The terrain varies widely. Parts of the state are western high plains and canyonlands, and in the southeast, at the other extreme, is a section of the Ozarks. In between are short-grass prairies, wetlands, and oak savannahs. Nineteenth century land trails are the Oregon, Santa Fe, Chisholm, and Pony Express; and each evokes a history.
Before the United States government colonized the region, nations that lived here included: Arapaho, Cheyenne, Comanche, Kaw, Kiowa, Lakota, Osage, Pawnee, Otoe and Missouria, and Wichita peoples. As European settlement pushed west, all of these nations were deposed from their lands, but not without conflict.
The U.S. government designated this region as an Indian Territory at the time of the 1830 Indian Removal Act. About thirty Eastern tribal nations were relocated to reservations in Kansas, including Lenape and Munsee (Delaware), Shawnee, Miami, Kaw, Osage, Peoria, and Wyandot. Today, four federally recognized tribal nations remain from those times: Potawatomi, Kickapoo, Sac and Fox, and the Iowa Tribe of Kansas and Nebraska. In addition, federally recognized tribes in Oklahoma have land holdings in Kansas, notably the Wyandotte Nation, which has three casinos in the Kansas City, Kansas, area; and the Delaware Tribe of Oklahoma, which has a second tribal headquarters in Caney, Kansas, and eighty acres in North Lawrence, currently undeveloped.

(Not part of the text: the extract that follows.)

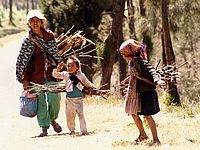 Klestí | Irena Rauchmanová Klestí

Kansas is adjacent to Oklahoma, which was the reduced Indian Territory from 1834 to 1907, and migrations from one state to another are common. As the Civil War conflict spread into Indian Territory in the 1860s, tribal groups that sympathized with the Union fled into Kansas. Some returned after the war, and some did not. During World War II, many Oklahomans of all backgrounds migrated to Wichita to work in the airplane factories. Oklahomans and other neighboring states send large contingents of students to school at Haskell Indian Nations University. Haskell has, according to its website today,  students from “150 federally recognized sovereign nations from 38 states.” Most of these return home, but some remain in Kansas.
          Haskell has been an important center for Native education since 1884, and many students and staff have distinguished themselves as writers, from Ella Deloria to Stephen Paul Judd. Native Kansas writers come from this complicated map. They may identify as members of federally recognized tribal members from Kansas or elsewhere. They may be members of unrecognized remnant groups of Indian Territory when it included Kansas. Academic migrants form a substantial group of Kansas-related authors. They are often transients who spend some time as professors in the state and move on.
          Perhaps the most distinguished writer with Kansas connections is Ella Deloria, Dakota (1889-1971), an early anthropologist who worked with Franz Boas, founder of that social science. She is aunt to the author Vine Deloria, Junior. Her publications include Waterlily and Iron Hawk, novels; Dakota Narratives, a collection of stories; and numerous other anthropological and narrative prose publications and papers. At Haskell from 1923 to 1928 she taught dance and physical education. In the summers, she worked with Boas with Lakota linguistics and other projects, often uncredited. In 1928, she published The Wohpe Festival  (Multilith), and that early publication must have been a writing project from her Haskell days. Her extensive online archives, sponsored by the American Indian Studies Research Institute of Indiana University, include all of her books and articles.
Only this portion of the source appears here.